In avvio di quarta frazione, come prevedibile, arriva il momento di massimo sforzo da parte dei padroni di casa, che grazie ad una tripla di Mordini e un gioco da 3 punti di Locati F. rimettono la testa avanti (68-67), dando l’impressione di aver superato le difficoltà contro la zona dei nostri ragazzi. Questo, però, non sarà che l’ultimo vantaggio dei padroni di casa, con il San Nilo a vergare con grande lucidità le ultime pagine dell’incontro. Il merito è senz’altro della difesa, con i cryptensi ad alternare uomo e zona, mentre in attacco sono le giocate in tandem di Spinosa e Converso a fare la differenza, con Aprilia improvvisamente spalle al muro. Eloquente a questo proposito lo 0-10 di parziale infilato in meno di 3’ minuti dagli uomini di Busti, che dopo una bella sfuriata di GS11 volano a +9 (68-77) grazie al gioco da 3 punti chiuso da Converso (15+9 pur non al meglio). Padroni di casa che a questo punto non ne hanno più: in effetti, nonostante la prematura uscita dello stesso Converso (leggera distorsione alla caviglia), il San Nilo controlla senza affanni fino al 72-80 finale, incassando due punti dal peso specifico notevole.

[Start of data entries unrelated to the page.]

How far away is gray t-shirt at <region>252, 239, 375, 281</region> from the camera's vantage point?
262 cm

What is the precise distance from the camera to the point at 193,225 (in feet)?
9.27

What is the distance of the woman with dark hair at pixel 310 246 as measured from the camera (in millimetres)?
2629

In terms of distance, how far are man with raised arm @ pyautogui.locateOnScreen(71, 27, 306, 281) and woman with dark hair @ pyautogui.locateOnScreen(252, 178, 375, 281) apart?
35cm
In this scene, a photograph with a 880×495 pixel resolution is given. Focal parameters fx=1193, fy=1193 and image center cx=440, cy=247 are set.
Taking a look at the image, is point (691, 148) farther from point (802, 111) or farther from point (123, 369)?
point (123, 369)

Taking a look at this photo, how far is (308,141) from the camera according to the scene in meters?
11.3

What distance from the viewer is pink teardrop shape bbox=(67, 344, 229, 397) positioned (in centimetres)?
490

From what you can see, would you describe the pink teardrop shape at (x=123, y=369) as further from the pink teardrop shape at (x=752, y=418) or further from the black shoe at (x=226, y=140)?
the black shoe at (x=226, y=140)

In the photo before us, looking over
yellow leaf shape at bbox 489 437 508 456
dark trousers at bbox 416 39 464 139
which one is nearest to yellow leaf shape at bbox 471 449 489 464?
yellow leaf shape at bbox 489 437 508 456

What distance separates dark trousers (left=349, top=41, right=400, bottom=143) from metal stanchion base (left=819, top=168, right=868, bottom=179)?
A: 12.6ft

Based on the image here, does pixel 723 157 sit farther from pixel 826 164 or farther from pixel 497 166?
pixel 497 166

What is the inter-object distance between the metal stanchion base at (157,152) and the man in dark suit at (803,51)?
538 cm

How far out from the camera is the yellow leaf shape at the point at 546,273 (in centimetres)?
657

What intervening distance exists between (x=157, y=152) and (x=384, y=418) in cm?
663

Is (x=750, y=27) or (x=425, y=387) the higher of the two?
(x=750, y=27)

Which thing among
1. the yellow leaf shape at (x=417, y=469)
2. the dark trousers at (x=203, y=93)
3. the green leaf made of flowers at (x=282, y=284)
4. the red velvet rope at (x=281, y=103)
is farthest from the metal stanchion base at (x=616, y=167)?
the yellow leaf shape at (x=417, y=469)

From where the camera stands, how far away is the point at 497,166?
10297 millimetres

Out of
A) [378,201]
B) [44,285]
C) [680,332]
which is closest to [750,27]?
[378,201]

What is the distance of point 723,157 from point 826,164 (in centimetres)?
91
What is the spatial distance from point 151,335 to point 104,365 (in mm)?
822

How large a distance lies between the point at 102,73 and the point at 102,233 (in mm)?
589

Del resto, classifica a parte, i cryptensi riescono a mettersi alle spalle una settimana complessa, intristita dalla sconfitta di Cassino e dai tanti acciacchi sofferti, a partire dall’influenza di Converso e il dolore al tallone di capitan Chiminello. Eppure, com’è nell’indole di questa squadra, i nostri ragazzi hanno tirato fuori gli artigli nel momento del bisogno, prendendosi 2 punti davvero pesantissimi, fondamentali per restare saldamente agganciati al treno delle seconde. Ovviamente è ancora presto per considerare “guariti” i nostri ragazzi, ma quello del PalaRespighi rappresenta senz’altro un ottimo punto di partenza, cui dare continuità già con Frascati, ospite al PalaCoscia il prossimo 25/01. Per un derby cosi delicato servirà una volta di più tutto il calore del nostro pubblico.